Rothenburg. Wie ein verwunschenes Schloss steht das denkmalgeschützte ehemalige Sudhaus des Rothenburger Brauhauses inmitten von grüner Wildnis unzugänglich vor der Klingentorbastei an der Mergentheimer Straße. Doch jetzt durften zum Tag des offenen Denkmals die sonst verschlossenen Räume erkundet werden. Der Oberbürgermeister persönlich informierte, wie es um die Zukunft des ewigen „Brauhaus-Projektes“ steht, das längst ein Wellness-Hotel sein sollte.

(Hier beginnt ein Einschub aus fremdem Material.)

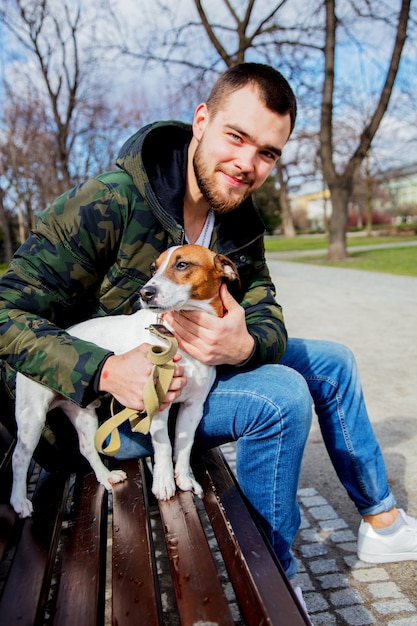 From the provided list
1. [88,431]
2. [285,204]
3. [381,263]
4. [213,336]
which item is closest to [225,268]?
[213,336]

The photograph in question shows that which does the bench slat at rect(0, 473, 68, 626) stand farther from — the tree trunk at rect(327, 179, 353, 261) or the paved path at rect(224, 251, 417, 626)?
the tree trunk at rect(327, 179, 353, 261)

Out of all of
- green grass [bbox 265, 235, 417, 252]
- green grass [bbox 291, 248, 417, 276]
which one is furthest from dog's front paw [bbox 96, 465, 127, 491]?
green grass [bbox 265, 235, 417, 252]

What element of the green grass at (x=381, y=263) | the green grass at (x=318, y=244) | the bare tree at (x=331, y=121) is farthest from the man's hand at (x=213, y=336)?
the green grass at (x=318, y=244)

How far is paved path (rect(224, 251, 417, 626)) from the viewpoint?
222 centimetres

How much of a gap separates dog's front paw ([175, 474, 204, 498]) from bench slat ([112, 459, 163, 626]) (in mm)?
149

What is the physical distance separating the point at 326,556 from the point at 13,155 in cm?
2560

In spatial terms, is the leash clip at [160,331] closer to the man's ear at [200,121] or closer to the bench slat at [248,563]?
the bench slat at [248,563]

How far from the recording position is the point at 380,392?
4.95 m

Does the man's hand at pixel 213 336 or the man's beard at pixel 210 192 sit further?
the man's beard at pixel 210 192

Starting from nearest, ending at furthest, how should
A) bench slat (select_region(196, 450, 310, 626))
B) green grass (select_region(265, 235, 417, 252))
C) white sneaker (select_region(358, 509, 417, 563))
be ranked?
bench slat (select_region(196, 450, 310, 626)) < white sneaker (select_region(358, 509, 417, 563)) < green grass (select_region(265, 235, 417, 252))

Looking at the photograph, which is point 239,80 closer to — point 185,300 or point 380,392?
point 185,300

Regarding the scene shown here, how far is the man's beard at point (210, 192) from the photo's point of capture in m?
2.47

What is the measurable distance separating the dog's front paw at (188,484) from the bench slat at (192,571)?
0.16 meters

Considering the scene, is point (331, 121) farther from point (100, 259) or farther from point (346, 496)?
point (100, 259) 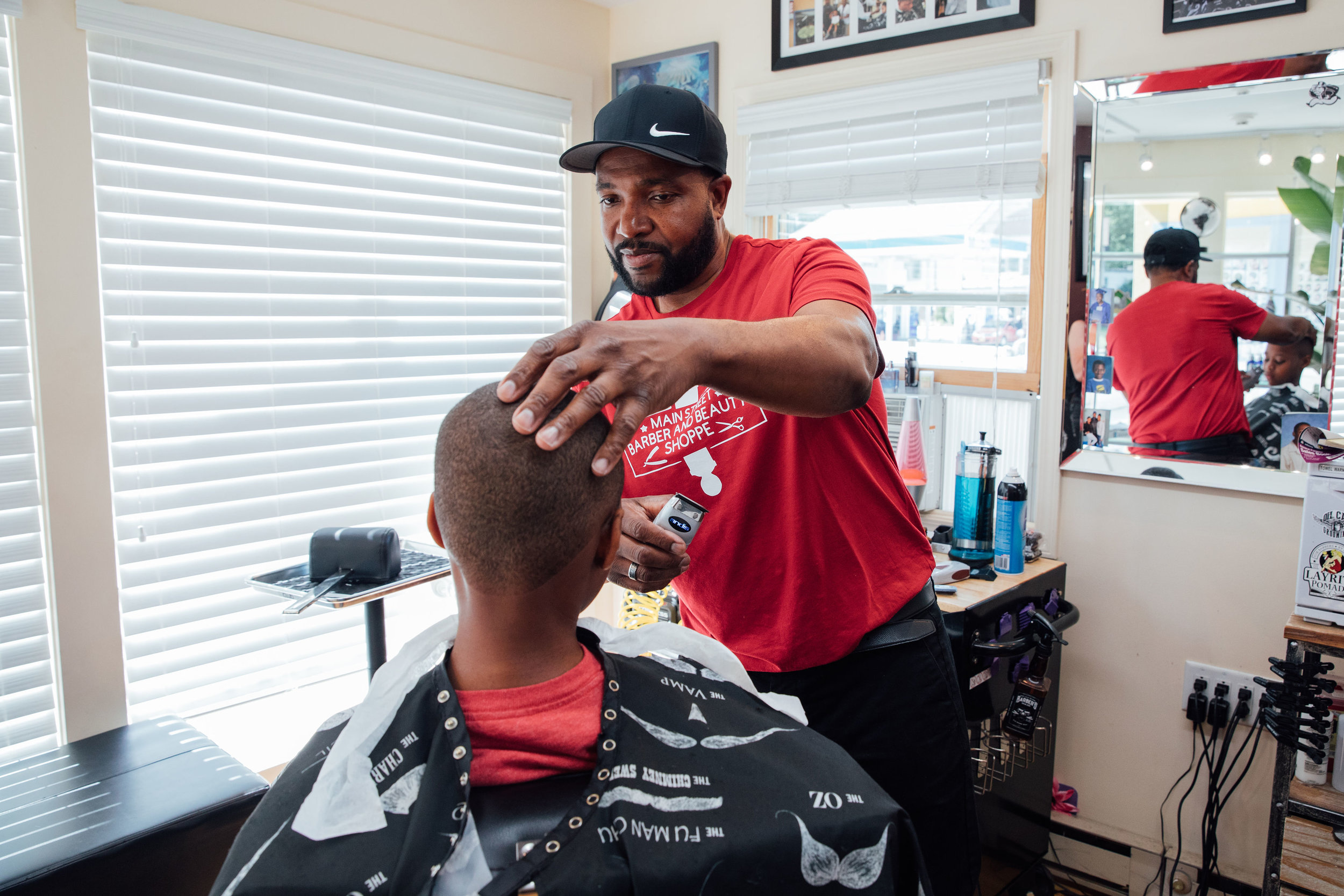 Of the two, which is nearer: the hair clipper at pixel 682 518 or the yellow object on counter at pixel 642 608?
the hair clipper at pixel 682 518

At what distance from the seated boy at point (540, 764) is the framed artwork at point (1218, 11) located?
2.07 meters

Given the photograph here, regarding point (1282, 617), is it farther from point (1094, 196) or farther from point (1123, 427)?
point (1094, 196)

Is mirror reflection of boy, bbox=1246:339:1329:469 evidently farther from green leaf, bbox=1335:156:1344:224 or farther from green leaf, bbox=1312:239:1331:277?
green leaf, bbox=1335:156:1344:224

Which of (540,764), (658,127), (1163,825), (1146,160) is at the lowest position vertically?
(1163,825)

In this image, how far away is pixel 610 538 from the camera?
0.98m

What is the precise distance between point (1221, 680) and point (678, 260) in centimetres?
183

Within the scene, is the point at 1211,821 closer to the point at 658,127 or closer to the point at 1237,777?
the point at 1237,777

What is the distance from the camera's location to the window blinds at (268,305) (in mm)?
2156

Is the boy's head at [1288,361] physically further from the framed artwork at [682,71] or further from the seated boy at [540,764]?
the framed artwork at [682,71]

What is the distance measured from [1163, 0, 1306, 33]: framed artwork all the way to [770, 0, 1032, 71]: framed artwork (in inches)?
13.8

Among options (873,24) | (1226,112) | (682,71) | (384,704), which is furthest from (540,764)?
(682,71)

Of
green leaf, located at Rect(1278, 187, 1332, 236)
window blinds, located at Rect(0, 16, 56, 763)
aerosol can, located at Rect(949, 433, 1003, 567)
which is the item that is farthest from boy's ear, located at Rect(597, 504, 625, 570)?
green leaf, located at Rect(1278, 187, 1332, 236)

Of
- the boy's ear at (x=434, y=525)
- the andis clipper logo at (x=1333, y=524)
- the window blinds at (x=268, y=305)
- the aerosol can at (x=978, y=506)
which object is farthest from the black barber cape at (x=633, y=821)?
the window blinds at (x=268, y=305)

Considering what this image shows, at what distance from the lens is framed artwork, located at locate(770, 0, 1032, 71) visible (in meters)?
2.39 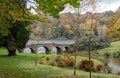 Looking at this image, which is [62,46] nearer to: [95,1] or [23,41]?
[23,41]

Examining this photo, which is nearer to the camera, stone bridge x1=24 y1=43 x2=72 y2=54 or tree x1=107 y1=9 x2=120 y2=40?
tree x1=107 y1=9 x2=120 y2=40

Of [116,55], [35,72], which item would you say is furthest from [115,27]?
[116,55]

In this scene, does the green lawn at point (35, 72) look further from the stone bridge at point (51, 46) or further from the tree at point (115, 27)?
the stone bridge at point (51, 46)

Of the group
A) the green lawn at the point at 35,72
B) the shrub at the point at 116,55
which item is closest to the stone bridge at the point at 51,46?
the shrub at the point at 116,55

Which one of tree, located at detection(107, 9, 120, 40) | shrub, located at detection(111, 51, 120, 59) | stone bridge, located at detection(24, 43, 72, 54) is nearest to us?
tree, located at detection(107, 9, 120, 40)

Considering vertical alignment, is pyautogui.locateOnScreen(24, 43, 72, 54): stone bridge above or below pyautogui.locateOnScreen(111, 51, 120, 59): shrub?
above

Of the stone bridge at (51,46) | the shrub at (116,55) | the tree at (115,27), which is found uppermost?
the tree at (115,27)

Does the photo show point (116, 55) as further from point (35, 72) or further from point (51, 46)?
point (35, 72)

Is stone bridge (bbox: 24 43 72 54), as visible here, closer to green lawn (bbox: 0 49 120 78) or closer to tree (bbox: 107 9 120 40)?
tree (bbox: 107 9 120 40)

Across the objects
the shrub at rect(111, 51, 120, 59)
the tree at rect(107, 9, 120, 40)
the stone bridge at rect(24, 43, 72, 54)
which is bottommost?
the shrub at rect(111, 51, 120, 59)

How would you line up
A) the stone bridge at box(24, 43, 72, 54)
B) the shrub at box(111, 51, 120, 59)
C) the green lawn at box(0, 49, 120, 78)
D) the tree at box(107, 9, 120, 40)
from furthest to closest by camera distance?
the shrub at box(111, 51, 120, 59), the stone bridge at box(24, 43, 72, 54), the tree at box(107, 9, 120, 40), the green lawn at box(0, 49, 120, 78)

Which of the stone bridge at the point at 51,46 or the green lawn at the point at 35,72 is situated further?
the stone bridge at the point at 51,46

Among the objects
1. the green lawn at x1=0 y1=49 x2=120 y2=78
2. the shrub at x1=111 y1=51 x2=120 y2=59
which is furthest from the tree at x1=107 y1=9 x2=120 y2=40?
the shrub at x1=111 y1=51 x2=120 y2=59

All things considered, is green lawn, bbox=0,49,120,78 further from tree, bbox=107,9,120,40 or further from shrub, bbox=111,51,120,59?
shrub, bbox=111,51,120,59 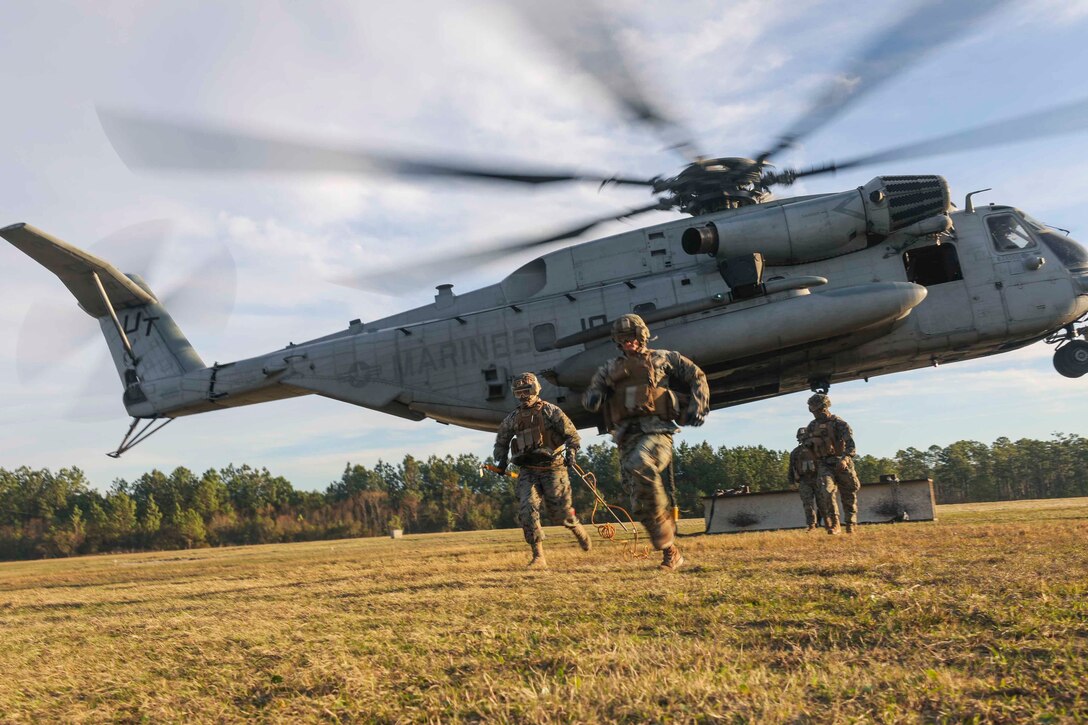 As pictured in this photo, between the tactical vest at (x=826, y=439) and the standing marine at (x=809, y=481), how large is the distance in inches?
3.8

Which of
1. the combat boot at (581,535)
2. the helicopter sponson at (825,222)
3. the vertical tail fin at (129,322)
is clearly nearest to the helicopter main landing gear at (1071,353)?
the helicopter sponson at (825,222)

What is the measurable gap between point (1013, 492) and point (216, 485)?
209ft

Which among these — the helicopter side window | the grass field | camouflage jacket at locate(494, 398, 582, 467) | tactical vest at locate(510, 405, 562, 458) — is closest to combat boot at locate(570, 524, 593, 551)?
camouflage jacket at locate(494, 398, 582, 467)

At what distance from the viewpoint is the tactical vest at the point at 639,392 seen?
634 cm

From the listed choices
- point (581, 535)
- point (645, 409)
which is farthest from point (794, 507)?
point (645, 409)

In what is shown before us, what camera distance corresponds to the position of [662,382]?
647 centimetres

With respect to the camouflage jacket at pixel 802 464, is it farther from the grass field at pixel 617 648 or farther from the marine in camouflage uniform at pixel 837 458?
the grass field at pixel 617 648

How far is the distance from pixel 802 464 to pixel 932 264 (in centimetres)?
404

Die an Kunstschätzen reiche Jakobskirche und die Judengasse 10 mit der Mikwe als bayerisches Kulturerbe gehörten außerdem zu den geöffneten Besichtigungsobjekten, die alle gut nachgefragt waren.

Die Feldermaus ist längst hier heimisch

Aus Sicherheitsgründen darf normal niemand ins historische Brauhausgebäude und auch das große brach liegende Grundstück dazu ist ringsum versperrt. Darunter liegen kreuz und quer verlaufende unsichere „Katakomben“, in denen sich eine seltene Fledermausart heimisch gemacht hat. Auf die flugfähigen Säugetiere gilt es Rücksicht zu nehmen, falls dort auf dem über 12.000 Quadratmeter großen Gelände am Taubertalhang jemals gebaut werden sollte.

Oberbürgermeister Dr. Markus Naser führte die zahlreichen Besucher – am Ende kamen rund 250 Interessierte – durch das von 1900 stammende gusseiserne Zugangstor in das parkähnliche Gelände. Die Remisen-Gebäude, in denen einst Kutschen und Pferde untergebracht waren, sind schon teilweise eingestürzt, man hat sie über Jahrzehnte verkommen lassen.

Vor einem Lagergebäude aus den siebziger Jahren deutet Naser auf eine eingezäunte runde Erdvertiefung in der Zufahrtsstraße: dort ist der Boden bereits über einem Keller eingebrochen, die „Unterwelt“ hat es in sich, wie bereits 2006 in einem Gutachten festgestellt wurde.

Pläne, die im Sande verlaufen sind

Naser erläuterte die Geschichte des 1899 von Hans Hopf, einem Bierbrauer aus Berlin, errichteten Gebäudes. Diese Dampfbrauerei wurde 1920 von Josef Beugler, der sein Brauhaus in der Wenggasse hatte, dazu erworben und bis in die siebziger Jahre betrieben. Vor rund zwanzig Jahren erlebte es noch als „Kulturbrauhaus‘ eine späte Blüte. Erst vor zehn Jahren glaubte man sich mit einer Berliner Planungs- und Investorengruppe am Ziel, aber alles verlief im Sande.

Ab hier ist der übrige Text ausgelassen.